No Buck shone brighter than senior Jack Fallon – who rushed for 128 yards, forced two fumbles, picked off a pass, punted and didn’t give up ... didn’t ever give up ... in a way that would have made Jim Valvano smile.

“In my opinion, Jack Fallon is the MVP of the league,” West coach Rob Rowan told the Herald that night. “He is an absolute grinder of a kid.”

Four years later – almost to the day – Fallon rushed for 145 yards and two touchdowns in Delaware Valley University’s 20-0 blanking of FDU-Florham, in a Middle Atlantic Conference Player of the Week-earning performance.

“We’re fortunate that we have someone like Jack in the program,” lauded DelVal head coach Mike Isgro. “He is a quiet guy but he works extremely hard and he fits right into what we have at DelVal. He is a great leader with a great work ethic.”

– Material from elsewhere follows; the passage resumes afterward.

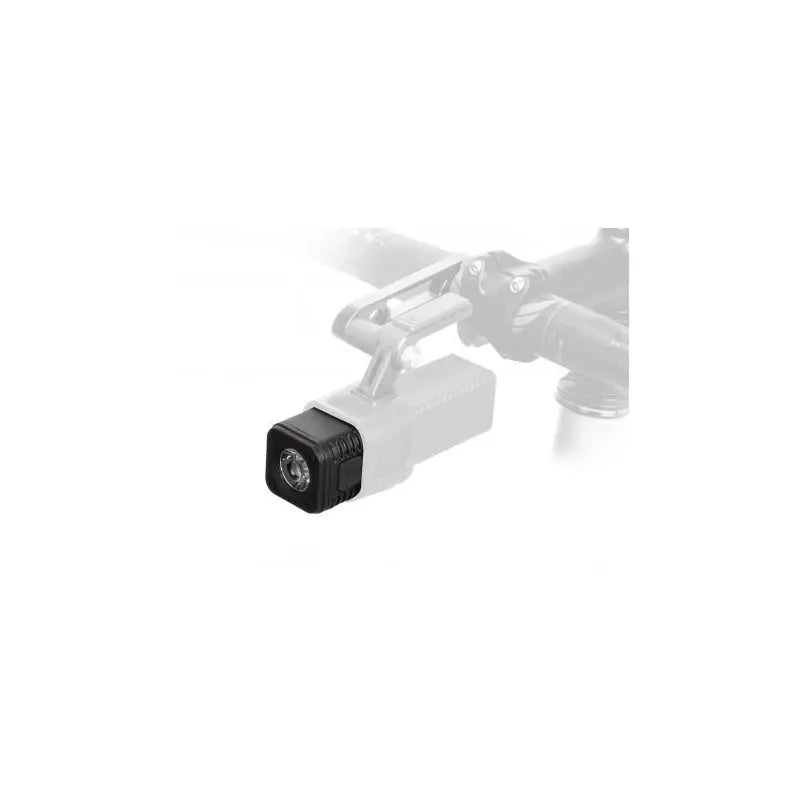 Faro Delantero Cubicubi Head Light Topeak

DelVal’s win against Kings two weeks earlier was the “the first moment I thought I’m back. It was our first home game,” Fallon remembered. “It was pouring rain and 0-0 in the second. I had a dive up the middle, broke it outside and scored. Everyone went crazy and I felt ‘This is awesome. This is what I came back for.’”

Fallon rushed for 805 yards and 11 touchdowns on 171 carries, earning the MAC Rookie of the Year. He averaged over 100 yards a game in DelVal’s (9-2) final seven contests.

An injury to incumbent Aggies running back Jay White opened a door for Fallon. “When I got the ball in my hands,” Fallon said, “I was doing the best I could with it.”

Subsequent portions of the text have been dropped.